When you talk for a living, silence can take on special significance: it can be the response to a curveball question, an awkward admission, or a total bombshell that leaves you lost for words. John Campbell, Carol Hirschfeld, Wallace Chapman and Noelle McCarthy provide a master-class in storytelling styles, from a stand-up routine about the invention of a new musical genre, to confessions about how one speaker refused to talk to someone else in the household for five years, and how a broadcasting career was built on a foundation of extreme shyness. The final story is a dazzling one about a life in TV - funny and profoundly moving in turns. Hosted by Guy Williams. A collaboration between RNZ and The Pantograph Punch.
Participants:
"Bloody marvellous" journalist and presenter John Campbell began his career at Radio New Zealand in 1989. He went on to work in TV3’s press gallery before stints on the current affairs show 20/20, presenting 3 News and, in 2005, starting Campbell Live. Between 2000 and 2002, he was also the host of RNZ’s Saturday Morning programme. He re-joined RNZ in September 2015 to host a revamped Checkpoint.

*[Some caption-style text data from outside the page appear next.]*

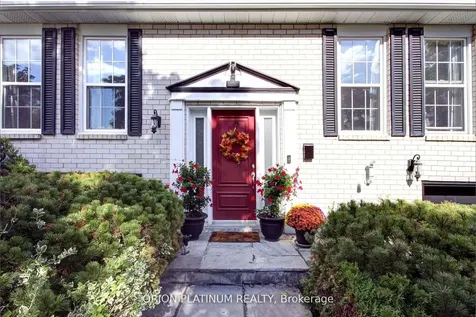 1706 Branchwood Park Mississauga ON L4W 2E6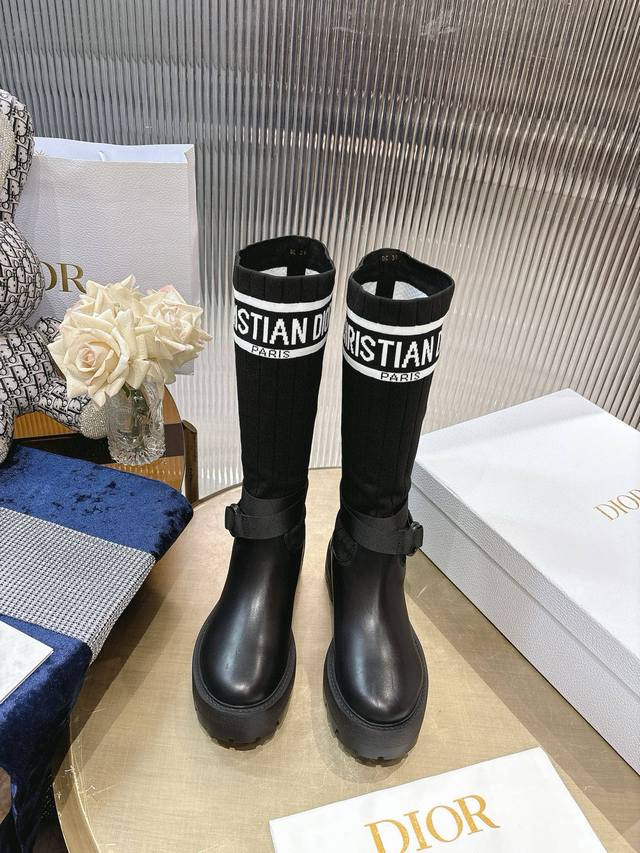 Dior2025秋冬靴复古工装靴 一脚蹬弹力袜子靴 好穿好看又帅气 鞋面：进口小牛皮拼接最新进口科技电绣面料 非市面普通飞织面料 垫脚：水染牛皮内里垫脚 非市面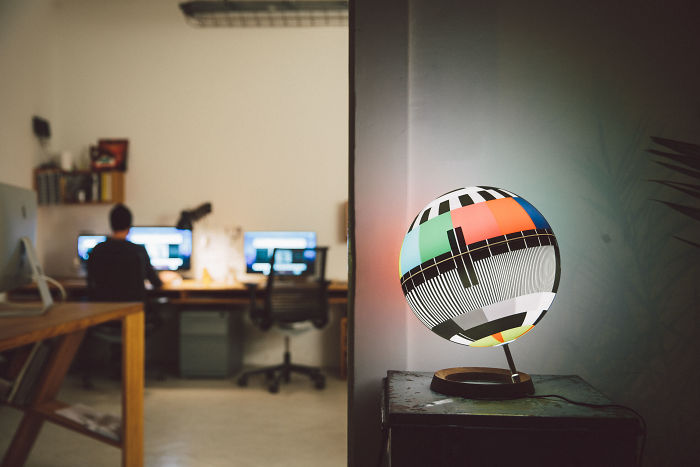 Mono Lamp Brings The 80s To Your Room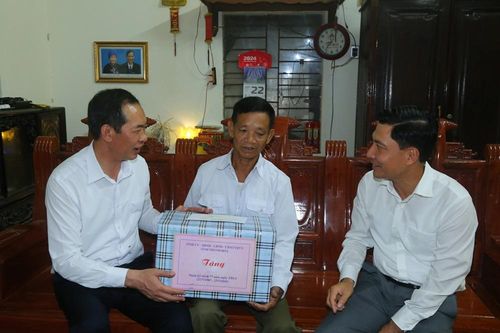 Phó Bí thư Tỉnh ủy Trịnh Tuấn Sinh viếng nghĩa trang liệt sĩ và thăm, tặng quà gia đình chính sách tại huyện Thiệu Hóa và Hậu Lộc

Noelle McCarthy came to broadcasting via a half-finished thesis on Dracula and a one-year working holiday visa. After arriving in New Zealand from Ireland in 2003, her first job was at Auckland student radio station 95bFM where she voiced ads for a local Irish bar and read the news. Summer Noelle on RNZ came along in 2007, and with one honourable exception – when she went in search of a White Christmas in Ireland – she presented the show through to 2015. She's a regular online columnist for the NZ Herald's Viva, where she writes about style, and for Metro, where she is a book reviewer. Noelle produced and presented the six-part podcast series ‘A Wrinkle in Time’ – stories about getting older in a world that wants us to stay young.

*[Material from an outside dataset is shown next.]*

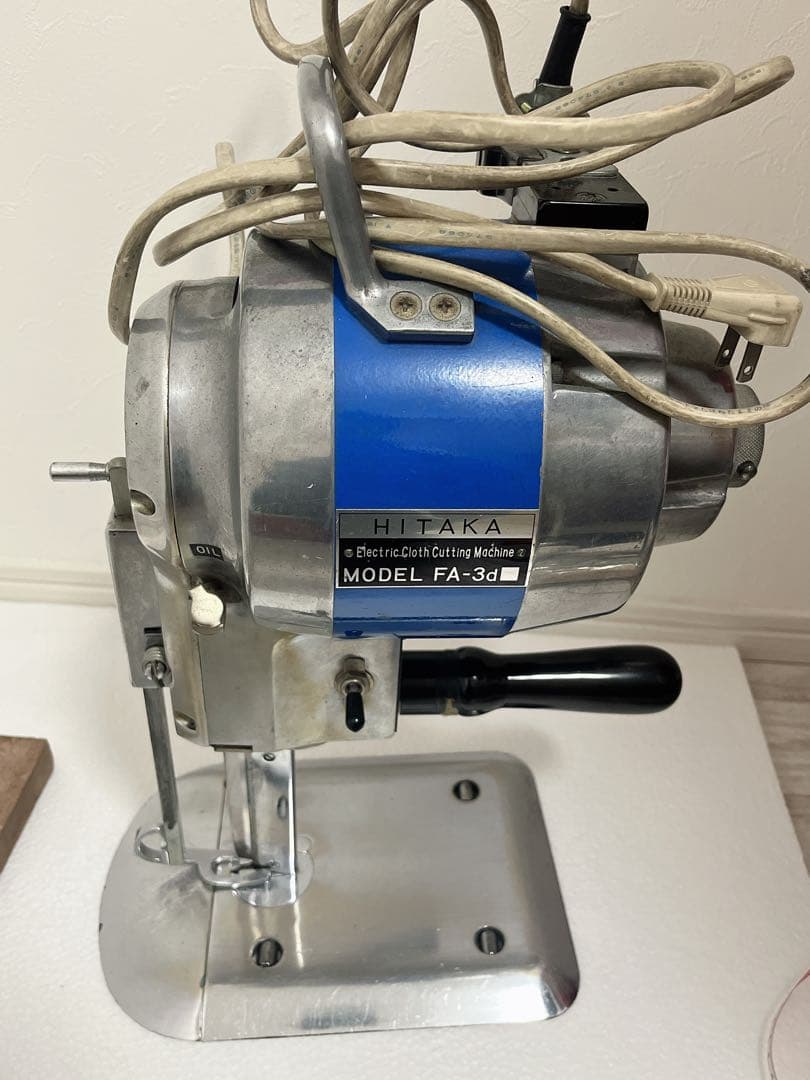 竪刃型裁断機　HITAKA INDUSTRIAL クロスカッター　手芸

Carol Hirschfeld rejoined RNZ in November 2014 as Head of Content, coming full circle having begun her career at Radio New Zealand as a cadet reporter. In between, she was a reporter for Fair Go, co-presented Crimewatch, was a network news producer and field producer for the Holmes show, a producer for Frontline and in 1998 found herself co-presenting 3News with John Campbell. In 2005, Carol became producer and presenter of Campbell Live and in mid-2009 moved to Maori TV to become head of programming.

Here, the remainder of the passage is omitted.